A single mechanical failure may lead to:
Crop loss
Inventory damage
Mold or humidity damage
Smoke or fire damage
Electrical damage
Water damage
Production shutdown
Regulatory noncompliance
Tenant business interruption
Landlord loss of rent
Tenant default
Disputes over repair responsibility
Disputes over ownership of the damaged equipment
Claims involving contractors, vendors, lenders, and equipment finance companies
For landlords, the most important question is not simply whether equipment breakdown coverage exists.
The better question is:
Whose equipment is it, who is responsible for it, who insures it, and what happens if its failure damages the building or stops rent?
Scenario: Chiller Failure at an Indoor Cultivation Facility
Consider a landlord who leases a building to an indoor cannabis cultivator.
The tenant installs a $350,000 chiller and dehumidification system to control temperature and humidity inside the grow rooms. The equipment is critical to the tenant’s operation. Without it, the crop cannot survive, environmental conditions cannot be controlled, and the building cannot function as intended for that tenant.
Over a weekend, the chiller fails.
Temperatures rise. Humidity spikes. Mold develops in several rooms. The tenant loses a crop cycle and stops paying rent while operations are shut down.

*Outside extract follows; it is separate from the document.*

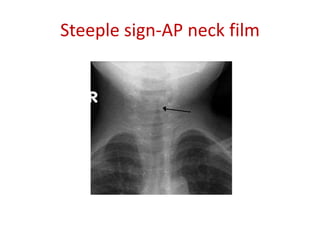 Steeple sign-AP neck film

The landlord submits a loss of rent claim.
The carrier begins asking difficult questions:
Who owned the chiller?
Was it part of the building?
Was it tenant business personal property?
Was it a tenant improvement?
Was it scheduled on either policy?
Did the landlord’s equipment breakdown coverage apply?
Did the tenant carry equipment breakdown coverage?
Was poor maintenance involved?
Were maintenance records available?
Was the equipment installed and permitted properly?
Was mold excluded or sublimited?
Was there covered direct physical damage to landlord-owned property?
Did the lease allow rent abatement?
Did the tenant’s failure to maintain the system contribute to the loss?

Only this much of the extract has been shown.